Biography
Francesca Fini is an interdisciplinary artist, experimental filmmaker, and performer whose practice thrives on the friction between tradition and innovation. Moving fluidly across cinema, live media performance, installation, and artificial intelligence, she constructs poetic, surreal, and often unsettling narratives that question the boundaries between body, technology, and identity.
Over the years, Fini’s work has been presented at major international venues and festivals including the WRO Biennale (Poland), CINEMED Film Festival (Montpellier), NordArt International Art Exhibition (Germany), Berlin Directors Lounge and IKONO TV Film Festival (Germany), Videoformes Festival (Clermont-Ferrand), Szczecin European Film Festival – SEFF (Poland), FILE Electronic Language Festival (Brazil), Athens Videoart Festival, Proyector Festival (Madrid), CYBERFEST and Now&After (Russia), Robot Festival (Bologna), Instants Video numériques et poétiques (Marseille), MANIFESTA12 collateral events (Palermo), IMAGE PLAY, MEM Festival at the Guggenheim Bilbao, BODY + CAMERA at MANA Contemporary Chicago, Un-Becoming at SomoS Berlin, the Japan Media Arts Festival (Tokyo), the Margaret Guthman Musical Instrument Competition (Georgia Institute of Technology, Atlanta), as well as MAXXI and MACRO in Rome. She has held notable solo exhibitions including BODY (S)CUL(P)TURE at Fondazione Dino Zoli (Forlì), My Name is Francesca (online, 2020), Other Identity Biennale (Genoa, 2019), Cyborg Fatale at Narkissos Gallery (Bologna, 2019), and RED (Rome, 2018). Her work has also been shown at The Arts House (Singapore), Palazzo Merulana and Galleria d’Arte Moderna (Rome), Photopia Festival (Hamburg), FILE Festival (São Paulo), Palazzo delle Esposizioni (Rome), and in the Takeda Italia Metaverse project.
As a performer, she took part in the landmark first edition of the Venice International Performance Art Week, alongside Valie Export, Yoko Ono, Jan Fabre, Marina Abramović, and Hermann Nitsch. She has been an artist-in-residence at Robert Wilson’s Watermill Center (New York, 2014 and 2016) and at Rocca Sinibalda Castle (Italy, 2022).

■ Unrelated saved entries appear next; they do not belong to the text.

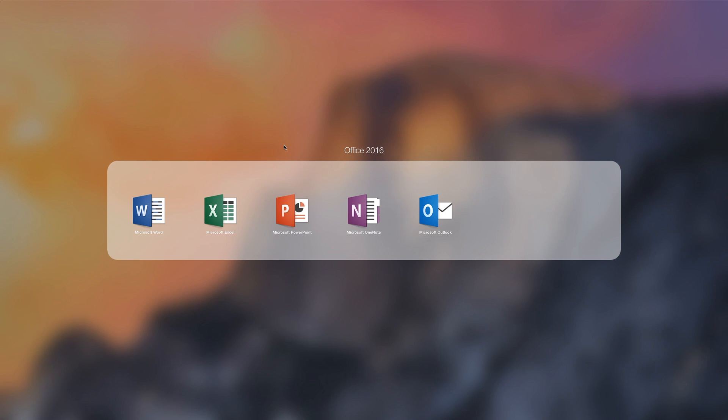Hey everybody, this is Mark with iAppleTechWinToys, and today we're going to be taking a real quick first look at the brand new Office 2016 apps for Mac.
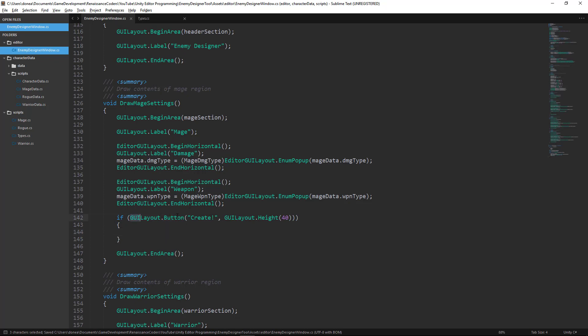GUI layout.button is going to return true or false whether we clicked on the button or not. If we don't click the button on an update cycle this will return false. If we do click the button on an update cycle this will return true. The first parameter will be the string value that we want the text to display on the button.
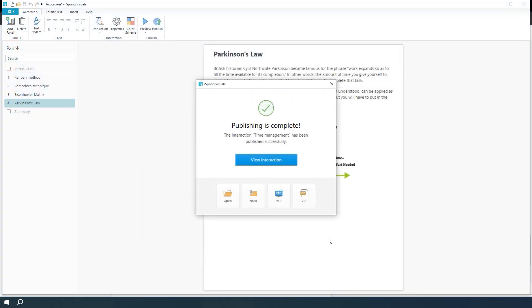And that's how you can make training content more engaging using interactive templates. Explore the possibilities and see what you can create.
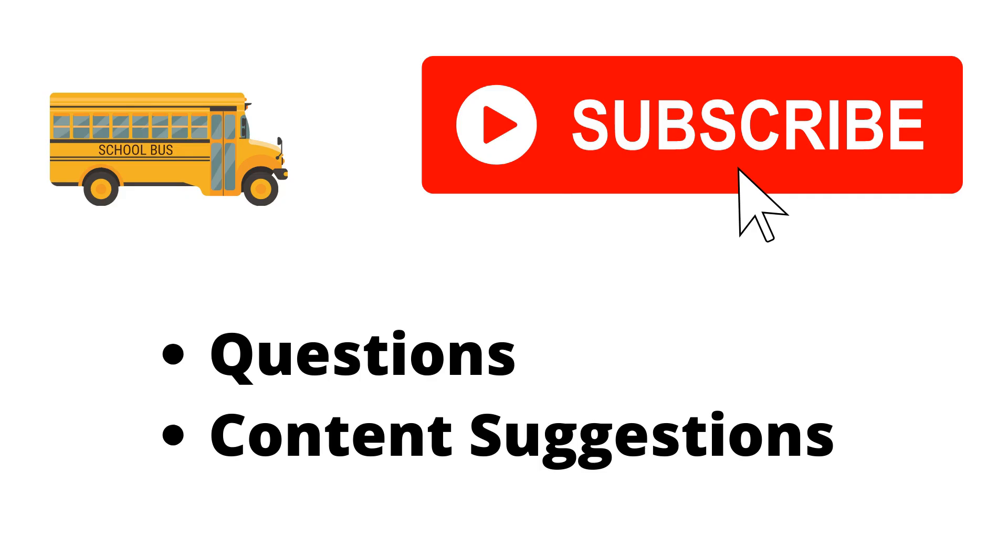Thank you for watching the video. If you haven't already, make sure to hit the subscribe button. If you have any questions or content suggestions, just let me know in the comments and I'll try my best to answer everyone.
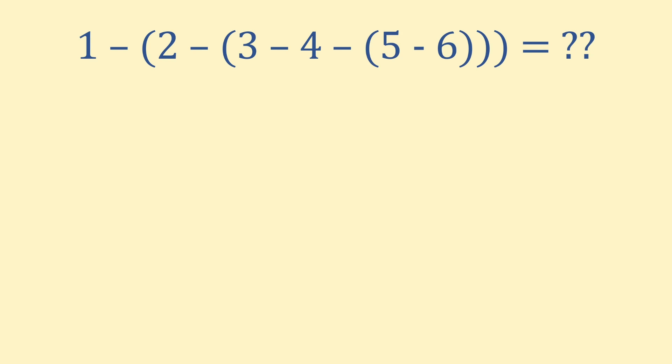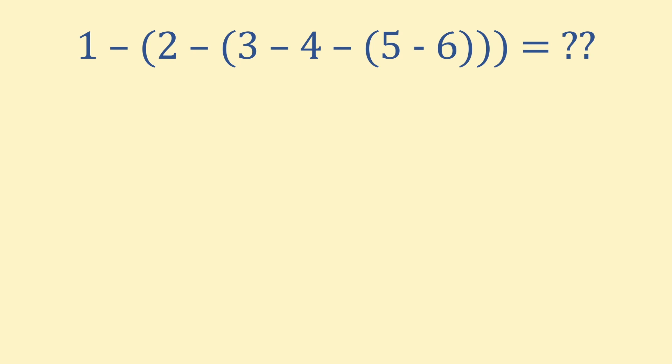However, pay close attention to the brackets when solving this one. They can easily trip you up if you're not careful. This problem is from the UKMT Intermediate Maths Challenge. Its website is linked below. Pause here to have a go at the problem.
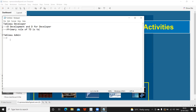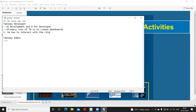The primary role of a Tableau developer is to create a dashboard. But on day one, you cannot directly start building a report. First, you have to interact with the client to understand their requirements — what they are expecting from you and what they want in the dashboard.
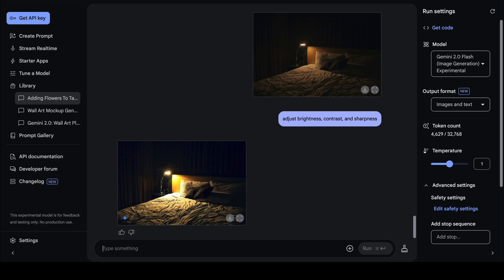We've explored some of the most exciting features of Gemini 2.0 Flash — from object recognition to advanced edits. This AI is making photo editing smarter, faster, and more intuitive. What feature excites you the most? Let me know in the comments, and if you liked this video don't forget to like, share, and hit the subscribe button for more content. I'll see you in the next one.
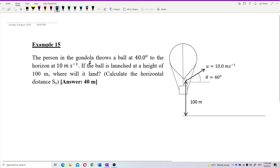The person in the gondola throws a ball at 40 degrees to the horizon at 10 meters per second. Horizon means the horizontal direction. If the ball is launched at a height of 100 meters, where will it land? Calculate the horizontal distance SX.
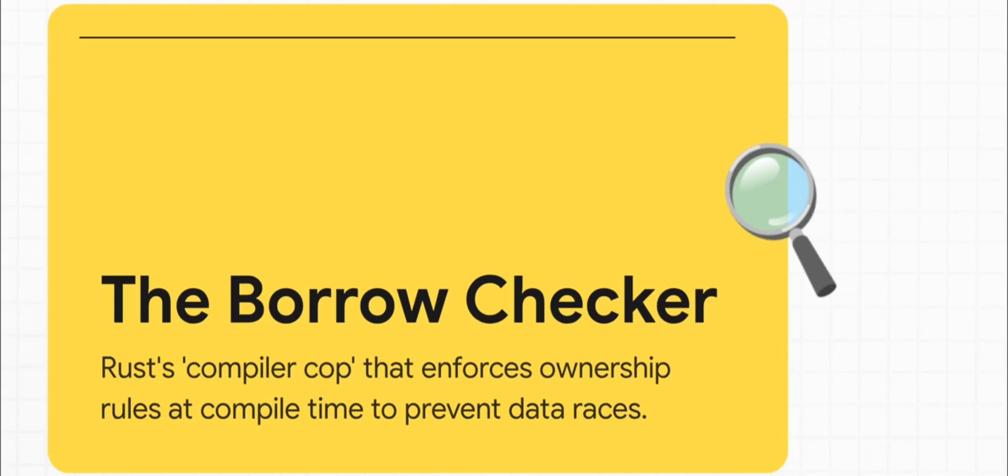And if it spots a potential problem, it stops the build right in its tracks. No exceptions. And get this? Developers absolutely love this. For eight years running, Rust has been voted the most admired programming language out there. That tells you something.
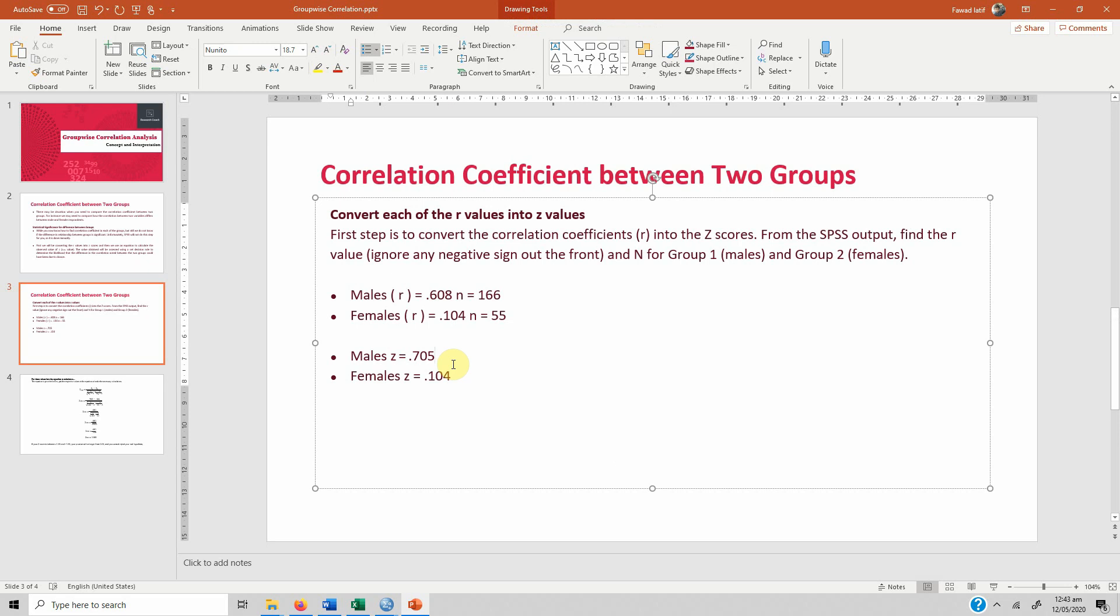I hope the video would have helped you understand groupwise correlation analysis. Thank you very much.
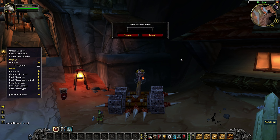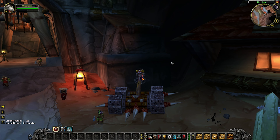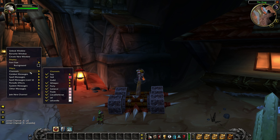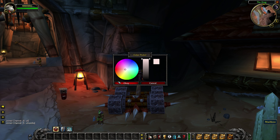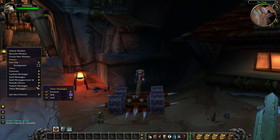Type your channel name, whatever you want. I'm typing UD Vanilla. Now, to change color, right-click on the general tab, go to channels, search your channel name, click on that color box, then you can change it to any color you want. Same with other channels.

As a movie director, she wrote and directed Ophelia Did Not Drown; an experimental feature film based on the hybridization between found-footage (from the national archive Istituto Luce Cinecittà) and original contemporary performative language, considered by legendary movie art critic Adriano Aprà, one of the best Italian experimental art film of all times.
She is cited by Treccani Encyclopedia as one of the greatest exponents of cyber-performance in Italy.
AI-Driven Practice In recent years, Francesca Fini has emerged as a pioneering voice in AI-based filmmaking and digital performance. Her projects blend neural image generation, cinematic animation workflows, sound design, 3D reconstruction, and digital compositing to build immersive post-human mythologies and poetic techno-landscapes. Among her notable works are LOVE, Masks of Sand, Meccanimus (commissioned for the Singapore F1 night race), the ongoing series HELLO WORLD, Pink Reverie, and Shifting Sands. These works explore android emotion, memory, and identity in post-anthropocentric futures, positioning Fini at the forefront of experimental AI cinema. Her practice navigates the liminal space where embodied performance meets synthetic vision, tracing the emotional contours of hybrid existence in an age of intelligent images.